BEGIN Source data
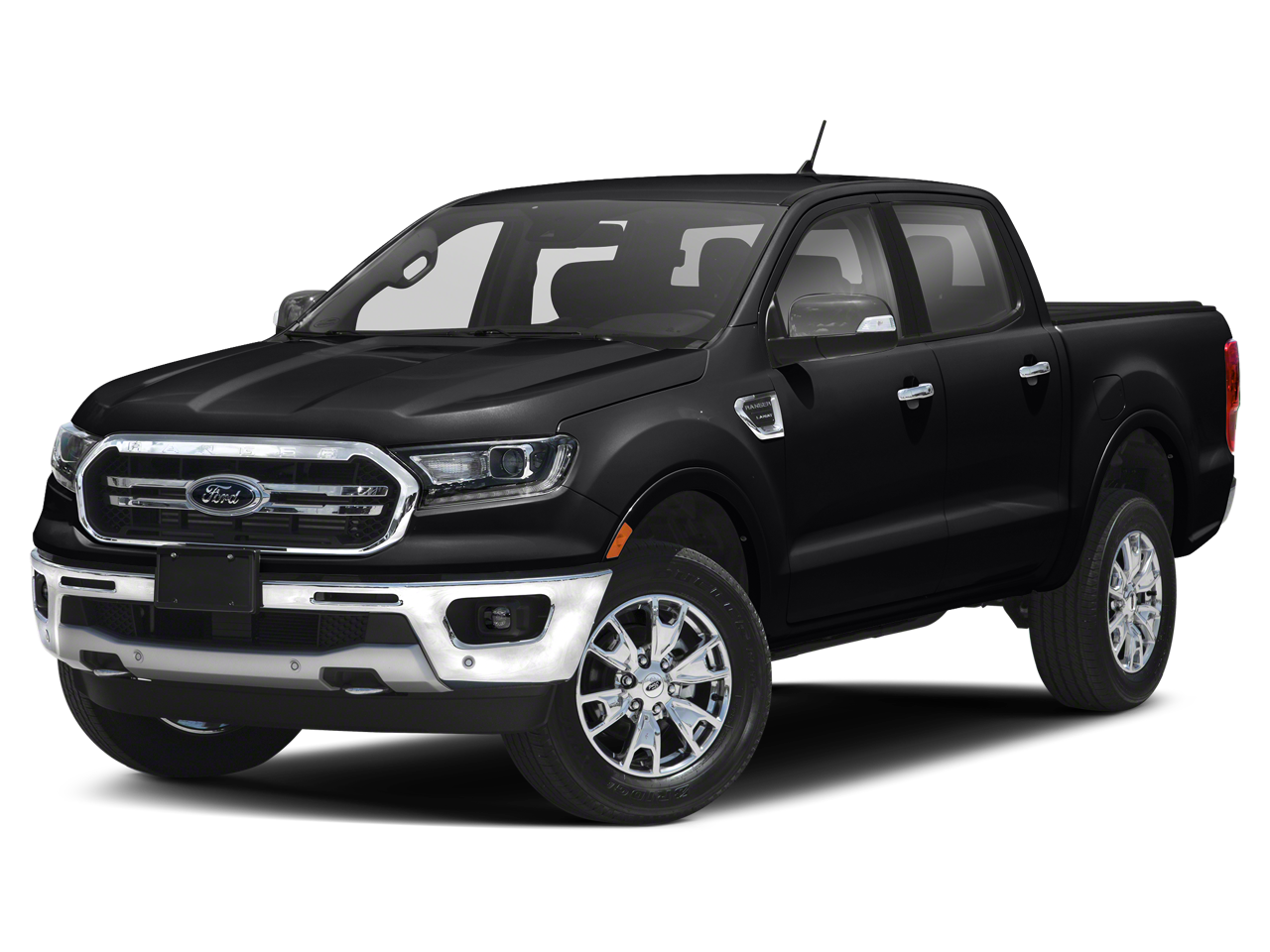2019 Ford Ranger Lariat 4x4 SuperCrew 5' Box's photo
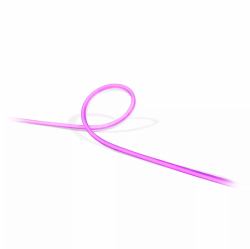 Philips Hue White and colour ambience 8718699709853 smart lighting Smart strip light Bluetooth/Zigbee 37.5 W (Philips Hue Outdoor LightStrip 5m V1.1)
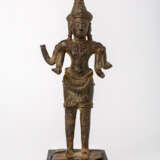 Khmer Gottheit - Foto 1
END Source data
**Problem requirements:** Reproduce the data above word for word, but leave the images out.

**Result for this task:**
2019 Ford Ranger Lariat 4x4 SuperCrew 5' Box's photo
 Philips Hue White and colour ambience 8718699709853 smart lighting Smart strip light Bluetooth/Zigbee 37.5 W (Philips Hue Outdoor LightStrip 5m V1.1)
 Khmer Gottheit - Foto 1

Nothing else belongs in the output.